In the end, the more I learned about ‘tricks’ to get more views, the less I liked it. It opened my eyes to why a LOT of what is published on the web is written the way it is. I began to realize that much of what is published, even on what I view as legitimate news sites, is written to get clicks and not really to share useful information. It sounds naive of me when I write that, and obvious, but this certainly drove the point home. I decided that I didn’t want to publish schlock to make a few dollars. I’d much rather write things that I enjoy and am proud of, and make less money. And hopefully make the web a better place.
What I Earned
Well, let’s start off with a big asterisk here. I haven’t technically earned anything, because InfoBarrel doesn’t make a payment until your account reaches at least $50. Right now my account is at about $31 and (very slowly) climbing. This is the total from writing 11 articles over 10 months. This averages to $2.73 per article written, or alternatively, $3 per month. But averages can be pretty misleading with a small sample size. In reality, my more popular articles have earned $5-7, and some have earned $0. You won’t buy a lot of champagne and caviar on $3 a month. On the other hand, there was no cost to me to publish them, and I only spent a couple of lunch hours each month writing them.
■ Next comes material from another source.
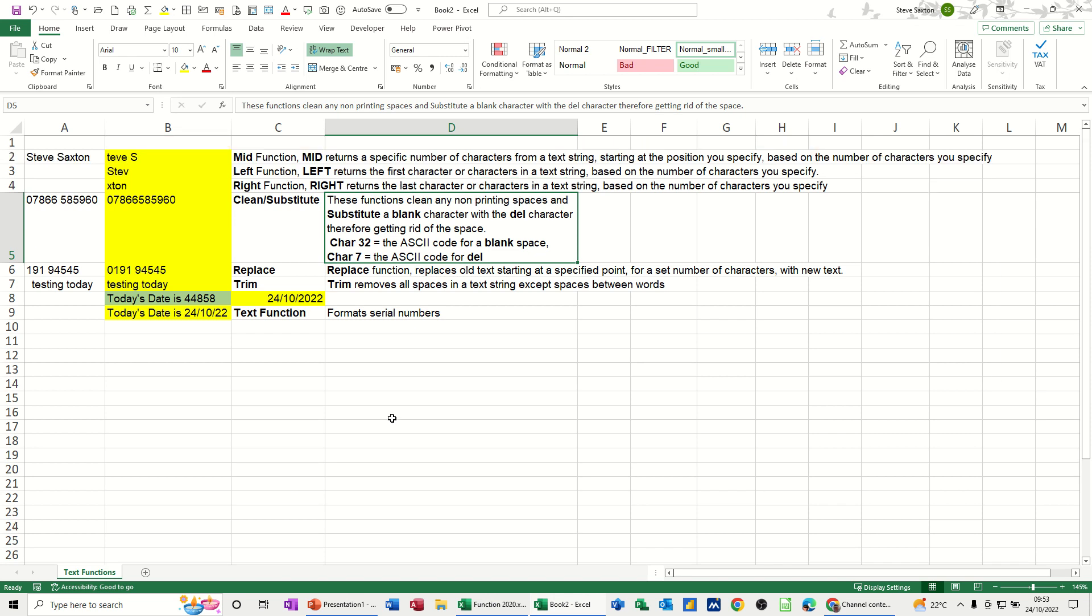Hi guys, welcome to this session in Microsoft Excel. In this module I want to talk to you about using text functions.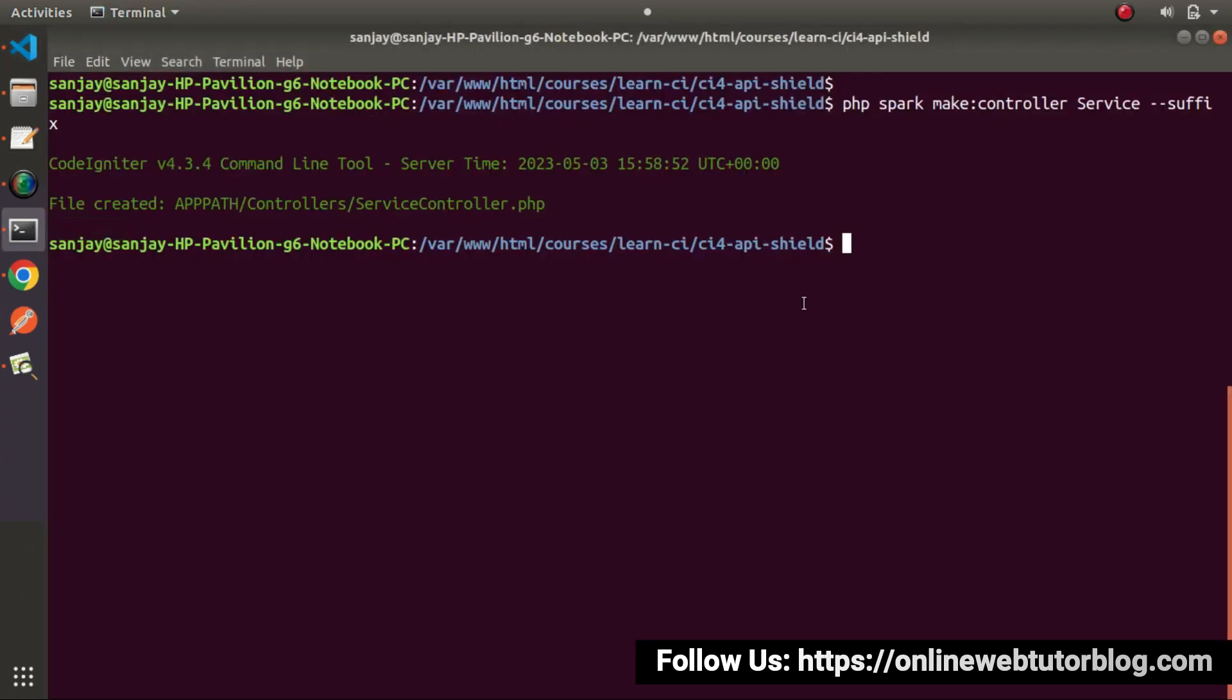Let's go back to terminal. Remember, inside last video, we saw the command php spark routes. That command lists all the routes we have inside our application. So I will use php spark routes and press enter.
I may continue to write a few more articles when I have a topic that is better suited to InfoBarrel than to my blog, but for the most part I consider this experiment done. I learned a bunch of skills that help me in everything I do online, so I don’t regret it for a second. But as a generator of passive income, I think (hope) that my limited time is better spent on other stuff.
2 comments
Thanks for sharing. I was interested to learn whether Infobarrel is still a viable option since I’ve had trouble finding any update on it from Pat Flynn since 2010. Having read a few of the other comments on his May 2014 income post, I’d say a few others are wondering too.
Author
Thanks for reading, Jaz.
As far as I can tell, Infobarrel is still operating as usual. Whether it’s a viable source of income is debatable. Like I said, to make it work you’d need to write a LOT of articles, and devote time to SEO and promotion. Right now, my time is better spent doing other things. But, having said that, I am tempted to publish a few more articles there just to get my $50 payout.